ところが外国の山には,勿論,神社などない.山頂にあっても,ちょっとしたモニュメントだけだ.だから,正直な所,外国の山に登っても,ある種の物足りなさを感じるのは私だけだろうか.
…ま,それはともかく,神社の向こうには,穂高連峰が見えている.素晴らしい風景だ.
<常念岳の神様>
<山頂からの素晴らしい眺望>
■そそり立つ槍ヶ岳
まず,目に付くのが,鋭く尖った槍ヶ岳の偉容である.
東鎌尾根,大喰岳,中岳の稜線がとても綺麗に見えている.
“そういえば,もう,数年,槍ヶ岳方面には行っていないな…”
と思いながら,素晴らしい風景に見とれる.
<威風堂々の槍ヶ岳を望む>
■遠くに剣岳
常念岳山頂から登ってきた方向に振り返ると,青空の中,威風堂々の剣岳が聳えているのが見える.

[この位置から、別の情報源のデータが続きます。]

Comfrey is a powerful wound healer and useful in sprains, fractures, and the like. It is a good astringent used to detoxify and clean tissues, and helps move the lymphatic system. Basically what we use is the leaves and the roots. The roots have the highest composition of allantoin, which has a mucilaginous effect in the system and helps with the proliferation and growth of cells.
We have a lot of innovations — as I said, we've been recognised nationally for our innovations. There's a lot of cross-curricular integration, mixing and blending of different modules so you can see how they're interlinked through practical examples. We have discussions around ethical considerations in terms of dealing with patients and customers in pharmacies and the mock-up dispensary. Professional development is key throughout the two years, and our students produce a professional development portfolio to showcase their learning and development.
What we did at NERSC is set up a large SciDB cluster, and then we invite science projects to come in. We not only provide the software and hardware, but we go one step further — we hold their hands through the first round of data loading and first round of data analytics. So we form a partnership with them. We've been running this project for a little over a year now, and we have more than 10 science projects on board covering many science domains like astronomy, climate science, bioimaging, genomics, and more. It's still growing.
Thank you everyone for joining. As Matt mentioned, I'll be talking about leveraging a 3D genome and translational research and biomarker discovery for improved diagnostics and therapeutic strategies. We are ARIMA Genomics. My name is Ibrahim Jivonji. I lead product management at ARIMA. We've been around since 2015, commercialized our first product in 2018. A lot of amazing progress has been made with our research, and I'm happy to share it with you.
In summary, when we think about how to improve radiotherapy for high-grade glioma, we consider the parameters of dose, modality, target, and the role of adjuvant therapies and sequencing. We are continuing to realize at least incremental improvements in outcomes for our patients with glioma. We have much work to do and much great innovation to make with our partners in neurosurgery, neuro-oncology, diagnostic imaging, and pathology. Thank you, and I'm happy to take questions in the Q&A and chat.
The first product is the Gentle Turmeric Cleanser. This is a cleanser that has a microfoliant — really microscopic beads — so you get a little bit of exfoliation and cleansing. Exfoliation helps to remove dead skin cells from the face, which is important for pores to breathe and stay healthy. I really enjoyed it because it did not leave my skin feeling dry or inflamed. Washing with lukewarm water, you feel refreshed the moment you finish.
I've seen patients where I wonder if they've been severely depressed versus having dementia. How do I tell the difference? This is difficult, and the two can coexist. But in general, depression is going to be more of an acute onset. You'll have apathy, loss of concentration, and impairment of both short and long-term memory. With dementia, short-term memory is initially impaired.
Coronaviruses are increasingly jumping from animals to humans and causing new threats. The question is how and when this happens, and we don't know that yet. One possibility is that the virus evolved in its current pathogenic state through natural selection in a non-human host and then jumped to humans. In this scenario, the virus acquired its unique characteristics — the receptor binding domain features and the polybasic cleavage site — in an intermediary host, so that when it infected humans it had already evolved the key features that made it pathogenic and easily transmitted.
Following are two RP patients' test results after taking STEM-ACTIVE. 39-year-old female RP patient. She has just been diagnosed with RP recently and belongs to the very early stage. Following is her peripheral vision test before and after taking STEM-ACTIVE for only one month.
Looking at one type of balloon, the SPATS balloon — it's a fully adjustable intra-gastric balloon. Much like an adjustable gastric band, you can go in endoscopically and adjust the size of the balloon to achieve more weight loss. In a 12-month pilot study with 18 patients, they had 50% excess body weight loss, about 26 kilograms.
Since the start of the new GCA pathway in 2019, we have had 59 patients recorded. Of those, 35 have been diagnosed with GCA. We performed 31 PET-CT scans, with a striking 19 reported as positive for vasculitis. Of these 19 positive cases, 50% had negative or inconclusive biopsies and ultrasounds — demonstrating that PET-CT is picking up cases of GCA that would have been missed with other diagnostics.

標高は残念ながら3,000メートルに一寸足りないが,ここから眺めても.やっぱり剣岳は威風堂々の山だなとつくづく思う.
<威風堂々の剣岳>
■これから行く手の情景
蝶ヶ岳から,今日,これから行く手を望む写真を撮る.東側から雲が湧いている.台風18号の余波で反時計回りの風が東から吹き寄せているのだろう.雲が次から次へと山裾を駆け上って,消えていく.
“それにしても,随分と険しそうだな…”
私は,小さなコルが連続する登山道を見下ろしているうちに,どうしても恐怖心が湧いてしまう.これまでにも,この程度の岩稜は十分に経験しているのに,何時まで経っても怖そうな所の苦手意識が消えない.
<常念岳山頂から蝶ヶ岳方面を望む>
<大パノラマを満喫しながら稜線を行く>
■圧巻の穂高連峰
常念岳で小一時間展望休憩を取った後,8時40分に常念岳を出発する.
すぐに険しい岩稜下りが待っている.多少緊張するが,でも,まあ,歩き出してしまえば,もう恐怖心など,どこかへ吹っ飛んでしまう.いくら登山技術が未熟な私でも,この程度の岩稜歩きは,過去にイヤというほど経験しているので,開き直ってしまえば,何も問題はない.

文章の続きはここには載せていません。